Start of Block

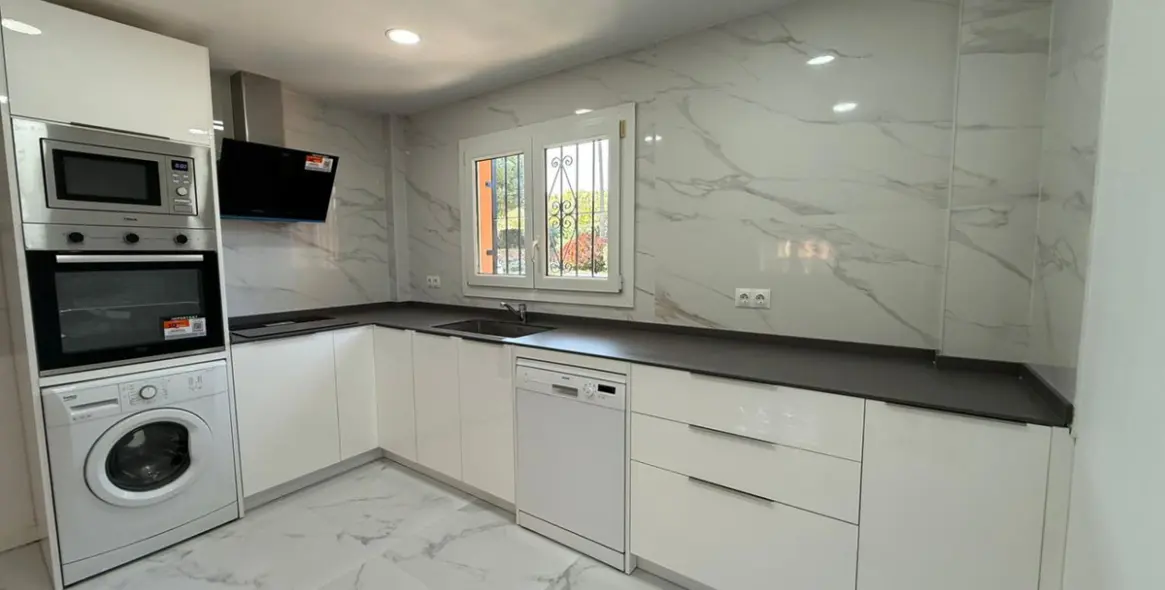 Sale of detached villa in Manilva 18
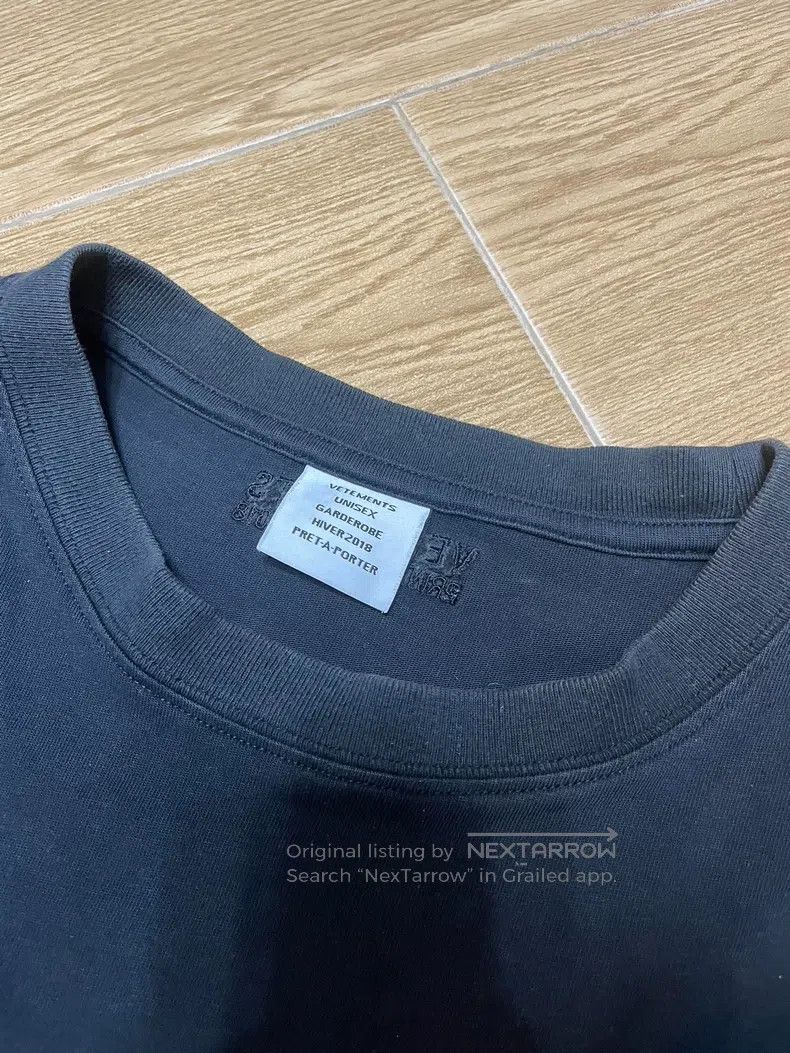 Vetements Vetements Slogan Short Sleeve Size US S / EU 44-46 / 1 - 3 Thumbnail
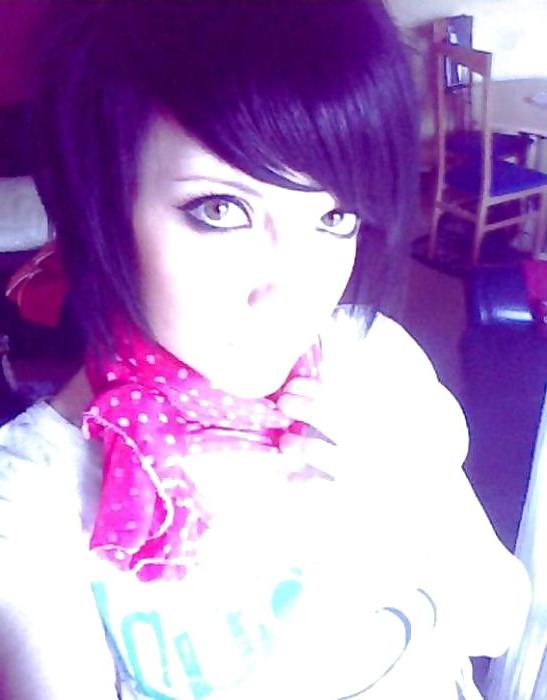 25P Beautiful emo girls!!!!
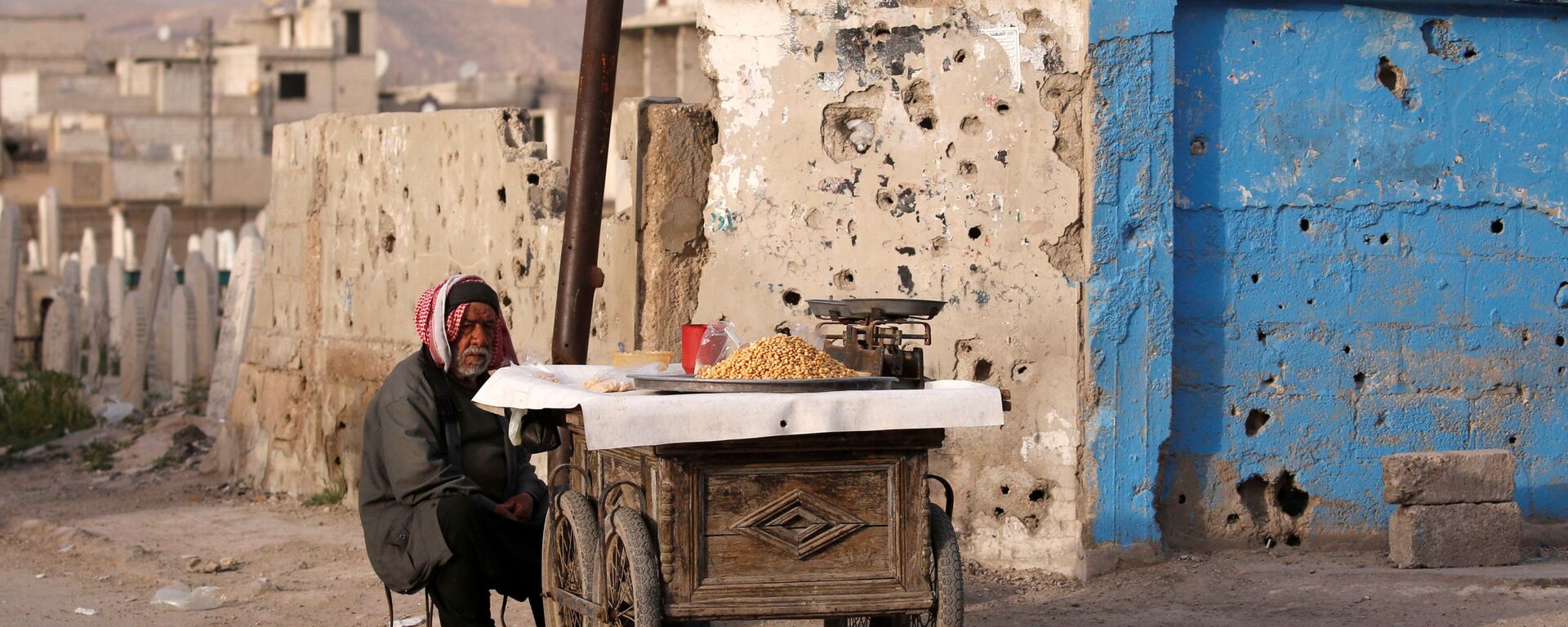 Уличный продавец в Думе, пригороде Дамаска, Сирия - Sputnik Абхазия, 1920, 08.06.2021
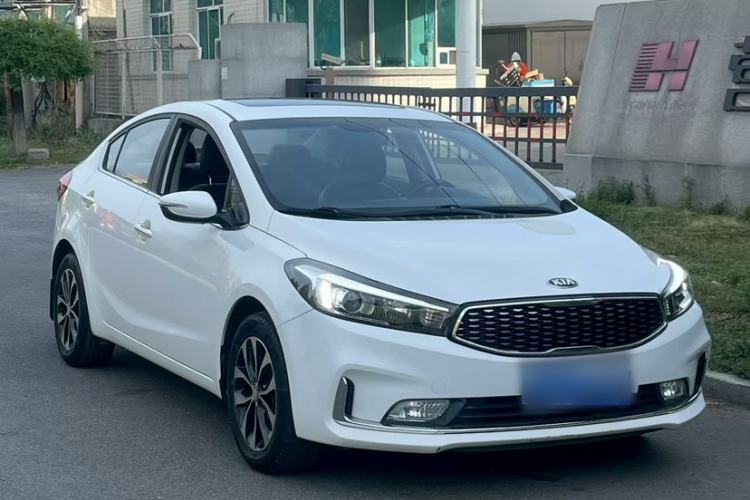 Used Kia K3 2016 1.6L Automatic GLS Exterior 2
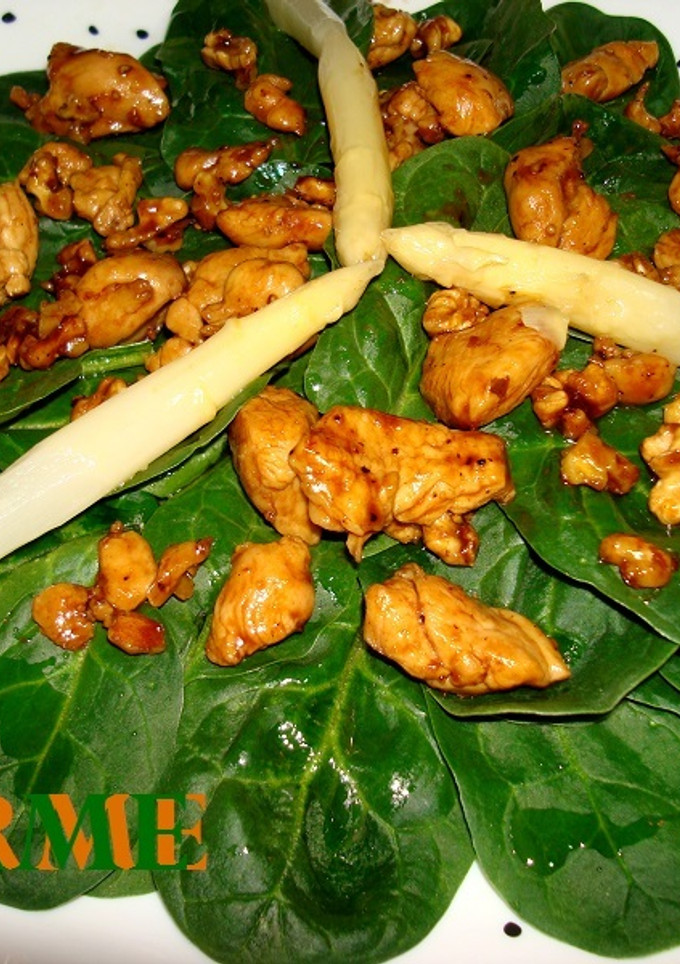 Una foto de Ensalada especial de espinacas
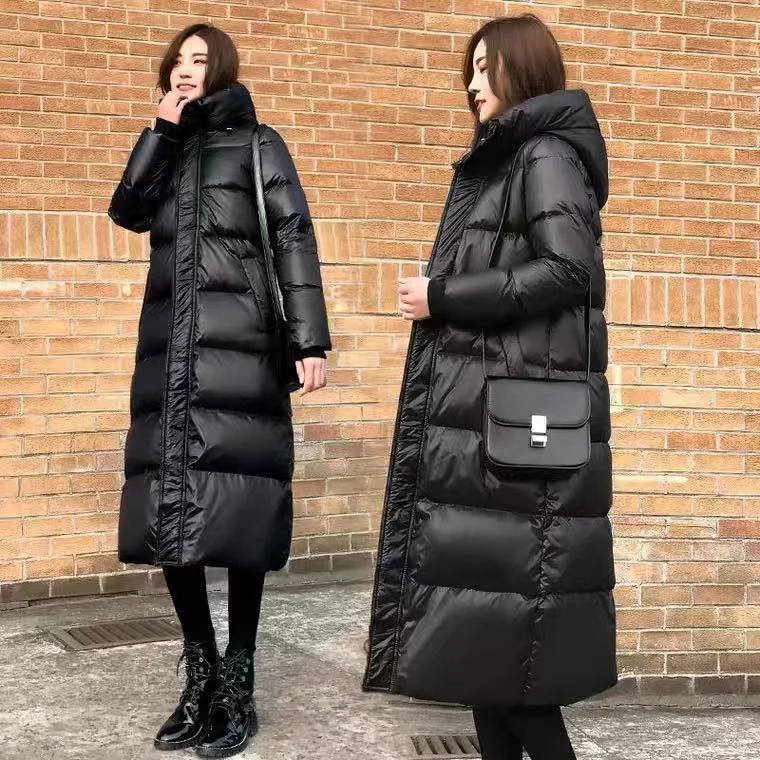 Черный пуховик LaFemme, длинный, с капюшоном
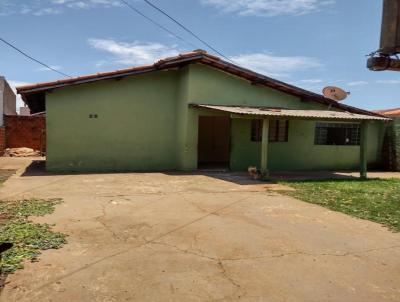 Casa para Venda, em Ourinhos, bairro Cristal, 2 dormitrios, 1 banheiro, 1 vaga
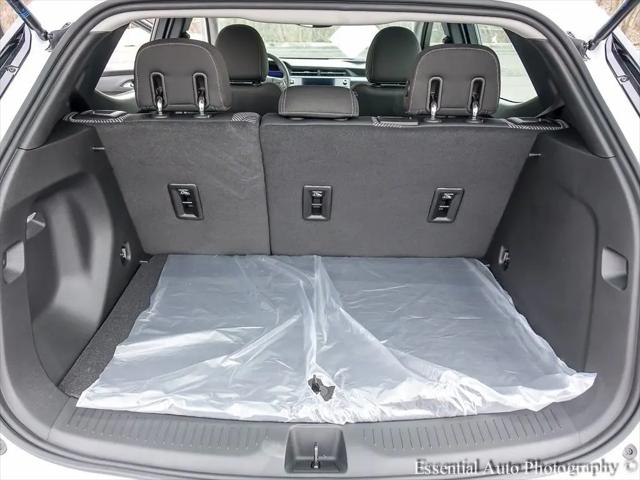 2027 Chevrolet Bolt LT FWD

End of Block

# Exercise details
Omit the pictures and output all remaining material exactly.

# Task answer
 Sale of detached villa in Manilva 18
 Vetements Vetements Slogan Short Sleeve Size US S / EU 44-46 / 1 - 3 Thumbnail
 25P Beautiful emo girls!!!!
 Уличный продавец в Думе, пригороде Дамаска, Сирия - Sputnik Абхазия, 1920, 08.06.2021
 Used Kia K3 2016 1.6L Automatic GLS Exterior 2
 Una foto de Ensalada especial de espinacas
 Черный пуховик LaFemme, длинный, с капюшоном
 Casa para Venda, em Ourinhos, bairro Cristal, 2 dormitrios, 1 banheiro, 1 vaga
 2027 Chevrolet Bolt LT FWD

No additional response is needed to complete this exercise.